* [REQUIRED WORK] Return exactly, please, the lines from the one containing "جا کارتی خاتم کاری طرح شکار کد LN-135" to the last line of the entries below, and nothing else, leaving pictures out.
** RECORDS FOR THE EXERCISE follows **
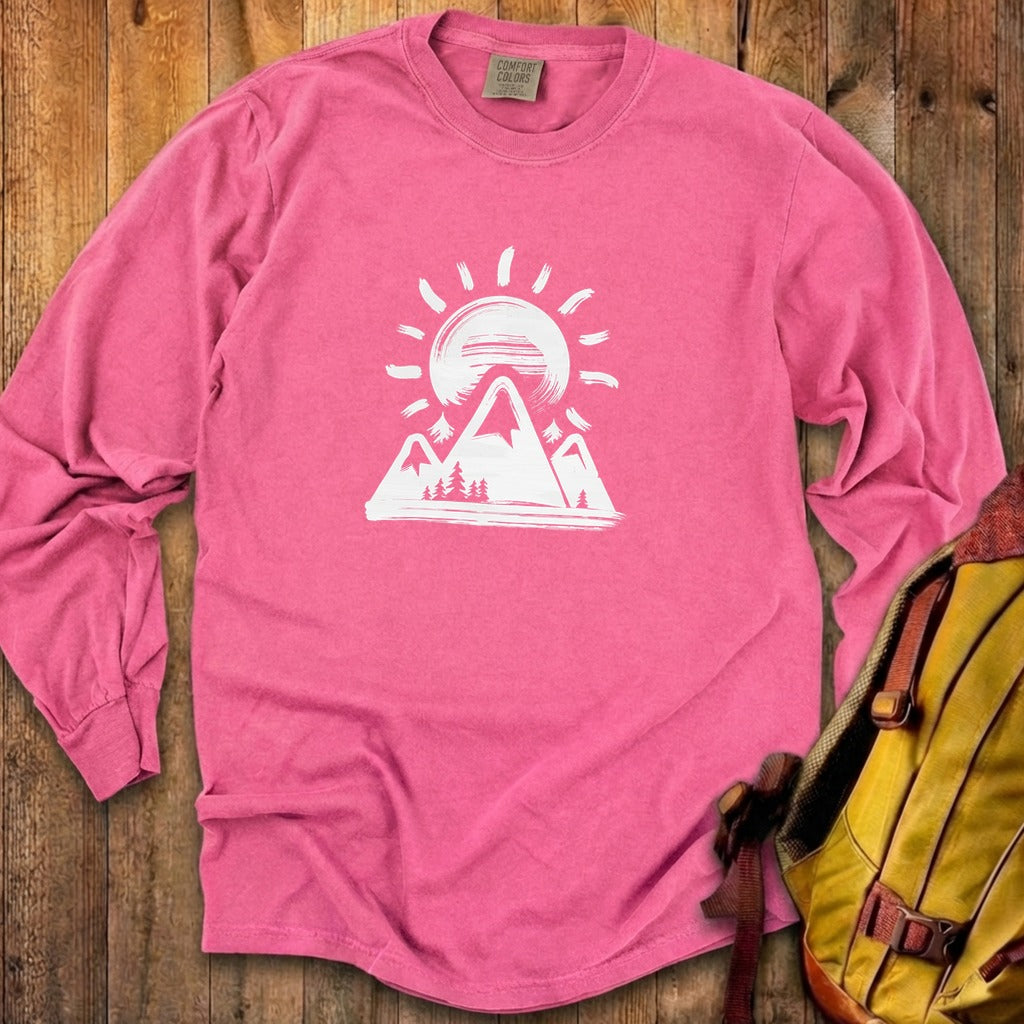 Summit Sunrise Painting Cotton Long Sleeve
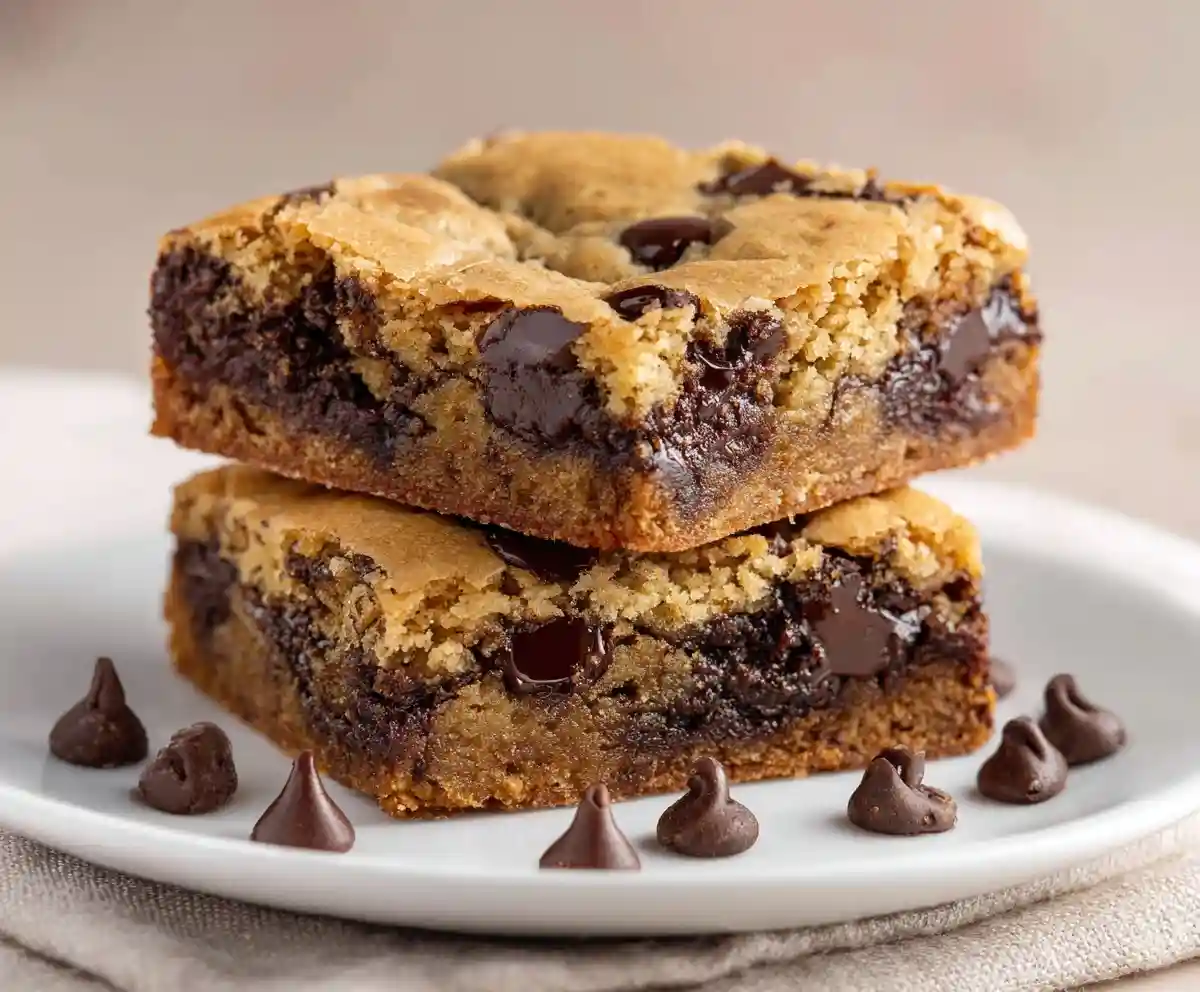 Chewy Chocolate Brookie Bars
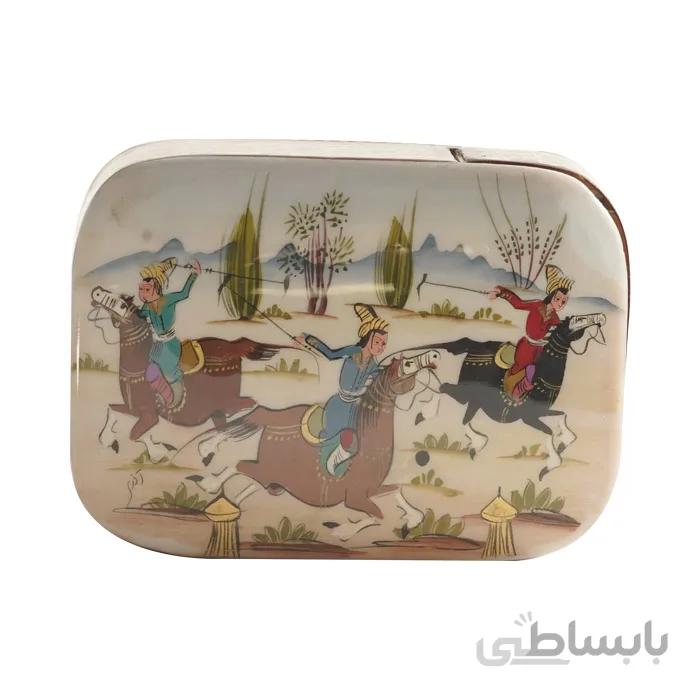 جا کارتی خاتم کاری طرح شکار کد LN-135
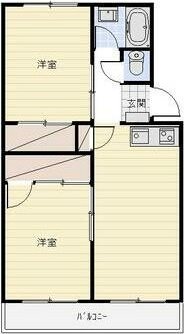 中村マンション 間取り図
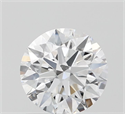 Lab Grown Diamond 1.05 Carats, Round with Ideal Cut, D Color, VVS1 Clarity and Certified by IGI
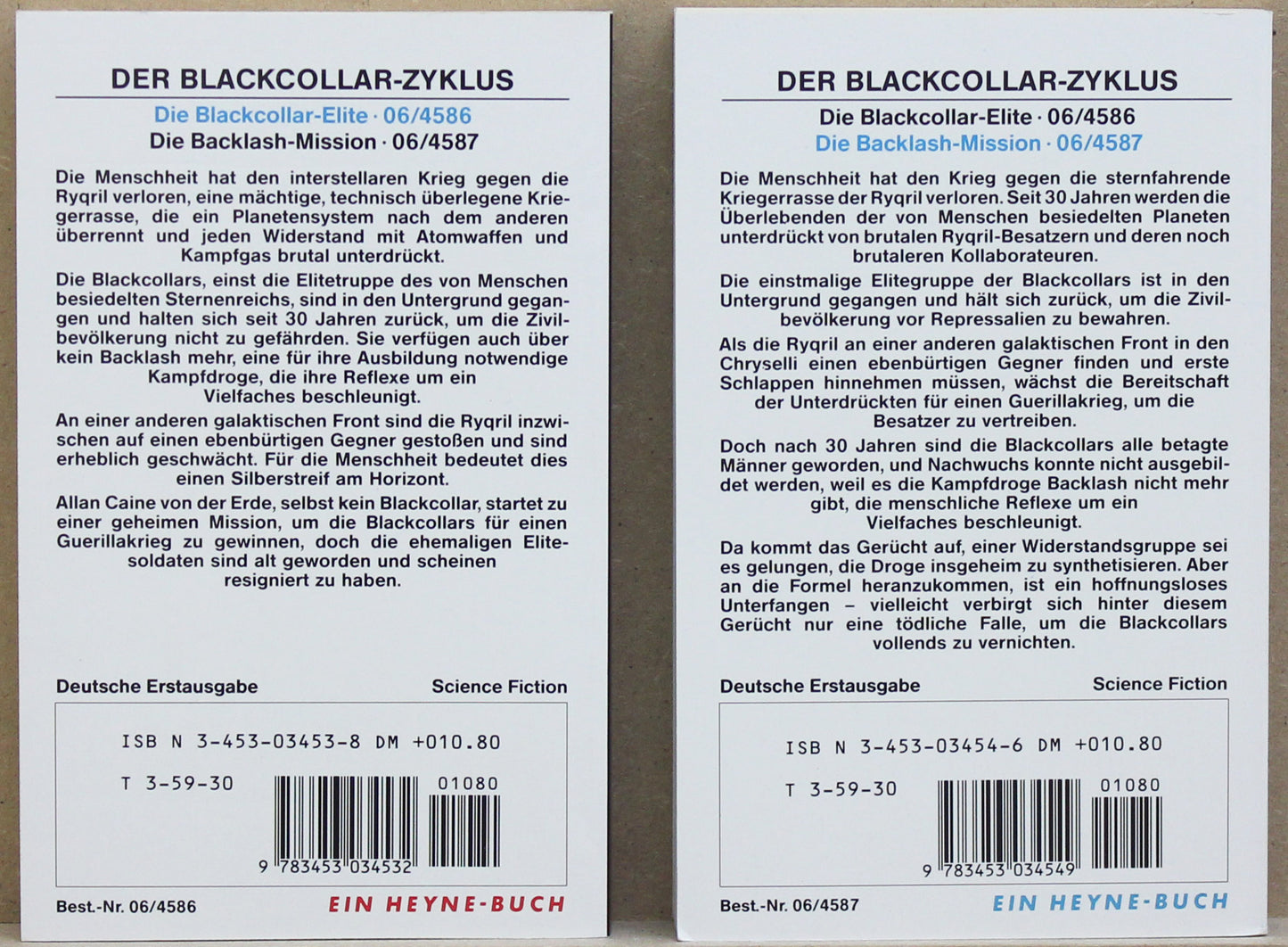 Der Blackcollar-Zyklus 1+2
** End of RECORDS FOR THE EXERCISE **
* [WRITTEN RESPONSE]
 جا کارتی خاتم کاری طرح شکار کد LN-135
 中村マンション 間取り図
 Lab Grown Diamond 1.05 Carats, Round with Ideal Cut, D Color, VVS1 Clarity and Certified by IGI
 Der Blackcollar-Zyklus 1+2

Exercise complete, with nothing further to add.